• Provided data
---

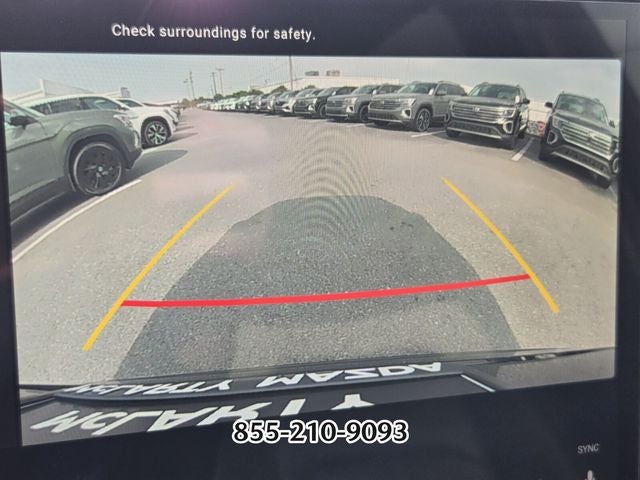 2026 Mazda Mazda CX-5 2.5 S Select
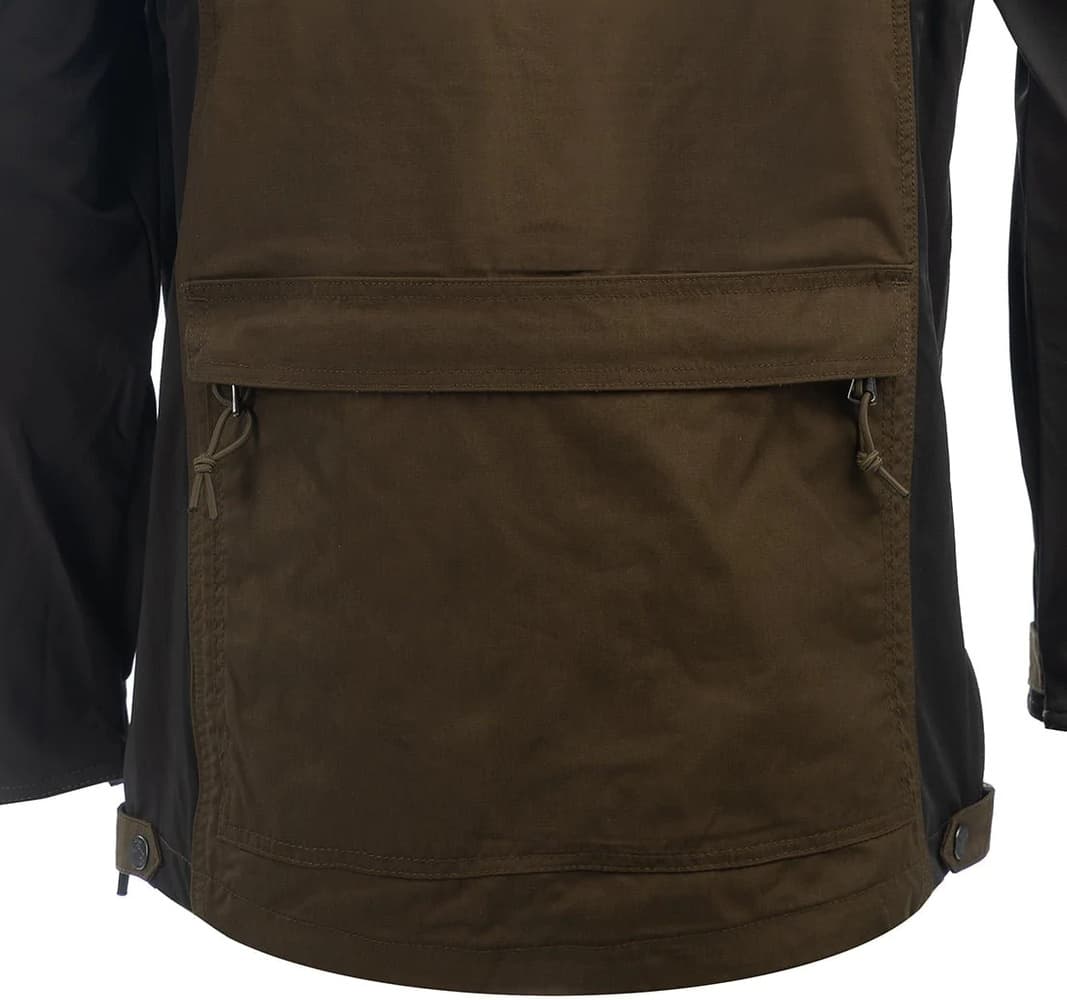 Arrak M's Trek Jacket Brown, view: 4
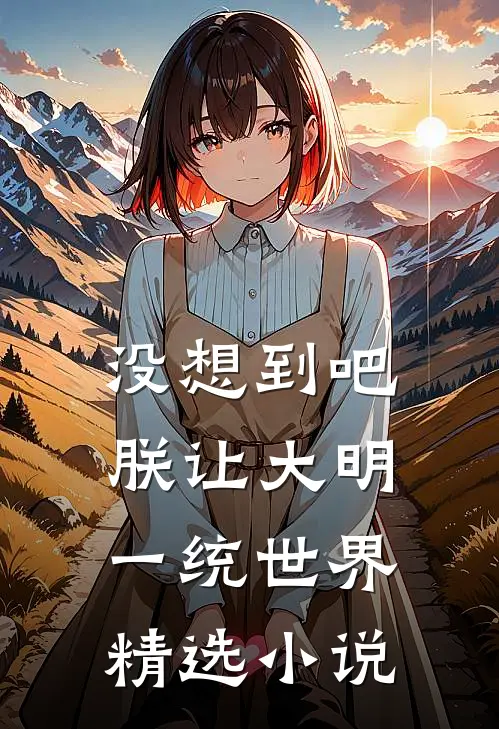 没想到吧，朕让大明一统世界精选小说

---

• Exercise objective
Restate the listing above word for word. Leave the images out.

• Solution below
 2026 Mazda Mazda CX-5 2.5 S Select
 Arrak M's Trek Jacket Brown, view: 4
 没想到吧，朕让大明一统世界精选小说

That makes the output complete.